Input for this task section start

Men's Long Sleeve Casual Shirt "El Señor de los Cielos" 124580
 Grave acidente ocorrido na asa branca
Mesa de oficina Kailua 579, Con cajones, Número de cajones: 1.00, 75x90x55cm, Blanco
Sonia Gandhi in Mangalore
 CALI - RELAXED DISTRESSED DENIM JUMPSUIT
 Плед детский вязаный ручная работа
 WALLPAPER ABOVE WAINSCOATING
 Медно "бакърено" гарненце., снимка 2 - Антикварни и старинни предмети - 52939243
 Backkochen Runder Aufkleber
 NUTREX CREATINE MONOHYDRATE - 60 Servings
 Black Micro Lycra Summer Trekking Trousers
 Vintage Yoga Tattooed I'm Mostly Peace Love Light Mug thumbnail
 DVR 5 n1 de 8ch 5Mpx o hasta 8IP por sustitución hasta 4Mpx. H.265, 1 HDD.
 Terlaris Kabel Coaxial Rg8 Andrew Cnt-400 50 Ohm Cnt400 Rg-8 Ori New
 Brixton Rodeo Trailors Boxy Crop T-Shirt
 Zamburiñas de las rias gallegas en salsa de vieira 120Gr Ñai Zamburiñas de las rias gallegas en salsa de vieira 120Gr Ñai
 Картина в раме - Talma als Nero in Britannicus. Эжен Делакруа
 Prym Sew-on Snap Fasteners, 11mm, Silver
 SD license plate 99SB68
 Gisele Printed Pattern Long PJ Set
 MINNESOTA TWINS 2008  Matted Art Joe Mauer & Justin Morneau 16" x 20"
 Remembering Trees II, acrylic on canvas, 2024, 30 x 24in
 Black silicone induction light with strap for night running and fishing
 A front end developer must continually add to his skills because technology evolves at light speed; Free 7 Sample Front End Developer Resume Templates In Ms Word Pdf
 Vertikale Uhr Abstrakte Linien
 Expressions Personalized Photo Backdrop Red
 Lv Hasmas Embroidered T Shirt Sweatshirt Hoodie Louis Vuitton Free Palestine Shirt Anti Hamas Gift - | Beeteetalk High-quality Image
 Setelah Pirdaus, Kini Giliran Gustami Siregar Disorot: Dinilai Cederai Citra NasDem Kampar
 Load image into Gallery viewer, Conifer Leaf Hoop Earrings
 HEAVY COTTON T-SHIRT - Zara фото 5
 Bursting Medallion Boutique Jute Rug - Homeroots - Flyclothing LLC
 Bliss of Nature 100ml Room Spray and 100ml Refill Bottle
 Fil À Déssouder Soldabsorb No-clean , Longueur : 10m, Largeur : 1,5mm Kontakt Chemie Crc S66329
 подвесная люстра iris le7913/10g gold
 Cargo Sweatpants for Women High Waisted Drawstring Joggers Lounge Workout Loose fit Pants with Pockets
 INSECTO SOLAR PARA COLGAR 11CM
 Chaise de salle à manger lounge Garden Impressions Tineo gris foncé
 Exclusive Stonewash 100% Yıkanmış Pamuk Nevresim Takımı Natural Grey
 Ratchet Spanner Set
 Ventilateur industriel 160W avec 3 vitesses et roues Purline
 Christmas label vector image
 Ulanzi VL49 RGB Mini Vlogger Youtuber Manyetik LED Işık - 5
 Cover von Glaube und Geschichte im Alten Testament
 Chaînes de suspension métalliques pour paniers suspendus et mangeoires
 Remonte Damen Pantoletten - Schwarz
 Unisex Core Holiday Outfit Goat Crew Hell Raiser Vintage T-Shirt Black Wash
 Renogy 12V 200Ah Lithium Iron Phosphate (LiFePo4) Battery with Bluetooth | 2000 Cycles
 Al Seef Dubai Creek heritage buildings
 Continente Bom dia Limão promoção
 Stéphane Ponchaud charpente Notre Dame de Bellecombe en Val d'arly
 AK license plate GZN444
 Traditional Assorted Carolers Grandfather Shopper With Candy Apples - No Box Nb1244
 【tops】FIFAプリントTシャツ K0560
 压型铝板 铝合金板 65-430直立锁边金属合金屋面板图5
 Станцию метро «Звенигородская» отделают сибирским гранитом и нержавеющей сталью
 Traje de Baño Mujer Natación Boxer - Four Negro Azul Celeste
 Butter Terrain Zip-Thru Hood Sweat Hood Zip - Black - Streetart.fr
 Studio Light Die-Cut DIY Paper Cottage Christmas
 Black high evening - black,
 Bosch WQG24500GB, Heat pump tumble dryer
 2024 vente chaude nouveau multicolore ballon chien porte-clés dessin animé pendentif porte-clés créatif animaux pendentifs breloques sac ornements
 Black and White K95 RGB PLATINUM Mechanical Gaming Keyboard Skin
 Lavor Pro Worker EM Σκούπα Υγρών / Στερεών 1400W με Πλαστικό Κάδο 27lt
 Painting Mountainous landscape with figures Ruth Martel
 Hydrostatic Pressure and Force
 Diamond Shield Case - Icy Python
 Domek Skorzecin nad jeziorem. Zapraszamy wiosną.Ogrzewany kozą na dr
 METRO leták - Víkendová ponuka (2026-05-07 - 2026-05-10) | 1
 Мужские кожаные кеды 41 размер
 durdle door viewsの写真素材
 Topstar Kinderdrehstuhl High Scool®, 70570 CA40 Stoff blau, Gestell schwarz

Input for this task section end

Determine how many lines in the data above contain the string "Christmas". Give nothing except the number.

2